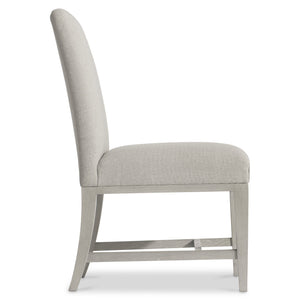 Bernhardt Bernhardt Cornelia Side Chair — Neo-Traditional Upholstered Dining Accent With Nebbia Wood Legs, Elegant Curves 331543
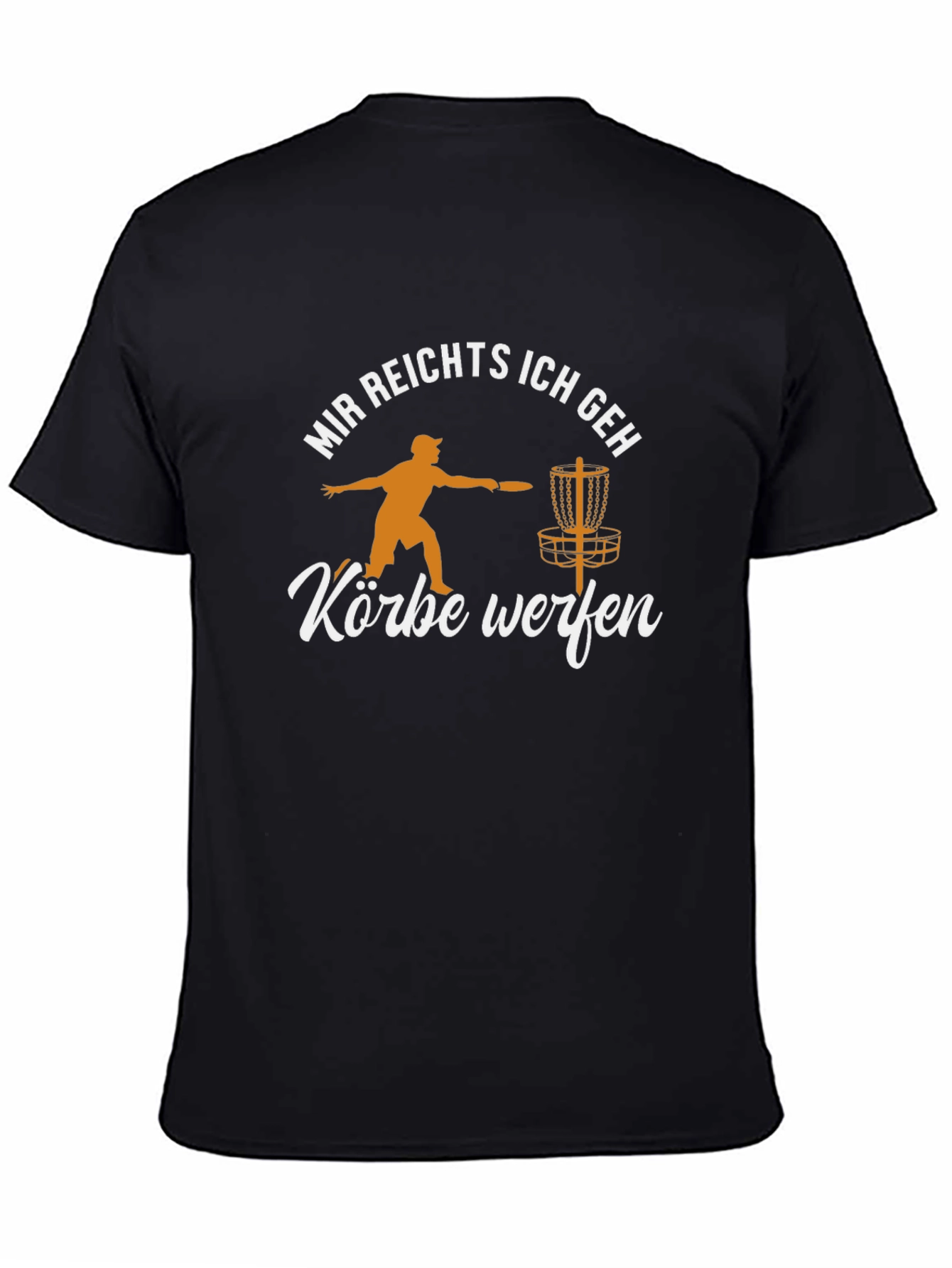 Funny Disc Golf T-Shirt - Körbe Werfen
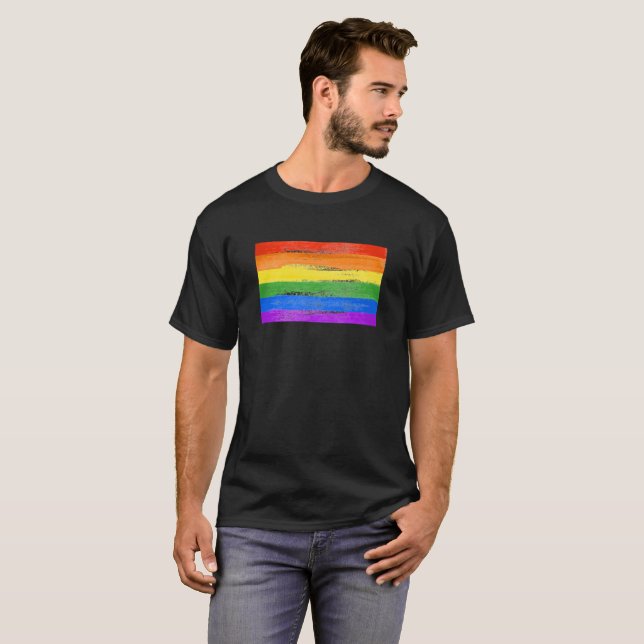CAMISETA PINTURA DE BANHO LGBT (Frente Completa)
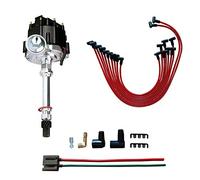MAS Performance HEI Distributor & Spark Plug Wires & Free Pigtail Wire Harness Combo Kit Compatible with Chevy GMC SBC 305 350 BBC 454 65k Coil 7500RPM DD-SBC-HEI-V8 Replacement for 850001R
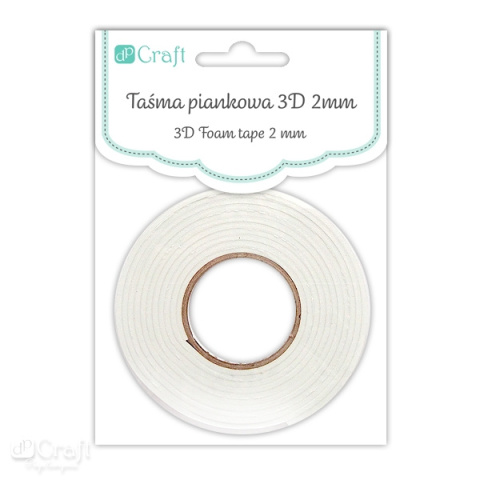 TAŚMA PIANKOWA 3D 2MM 5MMX2,2M TAŚMA PIANKOWA 3D 2MM 5MMX2,2M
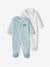 2er-Pack Jungen Baby Samt-Strampler Oeko-Tex hellblau 1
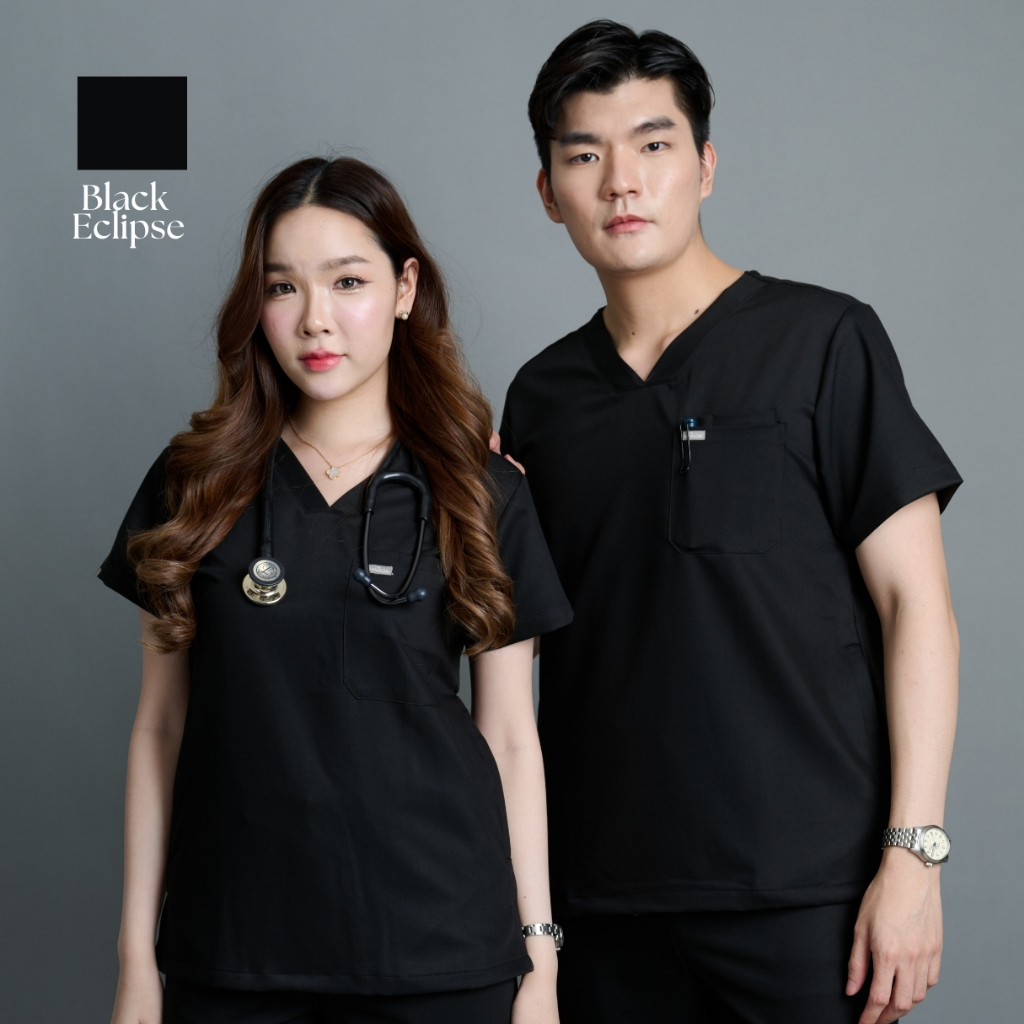 ชุดสครับ พร้อมปักชื่อ Maison Scrubs สี Black Eclipse - Legacy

*Work order:*
Every line above in the stretch from the one with "Funny Disc Golf T-Shirt - Körbe Werfen" through the one with "2er-Pack Jungen Baby" is to be transcribed exactly, ends included. No picture is copied.

*Result below:*
 Funny Disc Golf T-Shirt - Körbe Werfen
CAMISETA PINTURA DE BANHO LGBT (Frente Completa)
MAS Performance HEI Distributor & Spark Plug Wires & Free Pigtail Wire Harness Combo Kit Compatible with Chevy GMC SBC 305 350 BBC 454 65k Coil 7500RPM DD-SBC-HEI-V8 Replacement for 850001R
 TAŚMA PIANKOWA 3D 2MM 5MMX2,2M TAŚMA PIANKOWA 3D 2MM 5MMX2,2M
 2er-Pack Jungen Baby Samt-Strampler Oeko-Tex hellblau 1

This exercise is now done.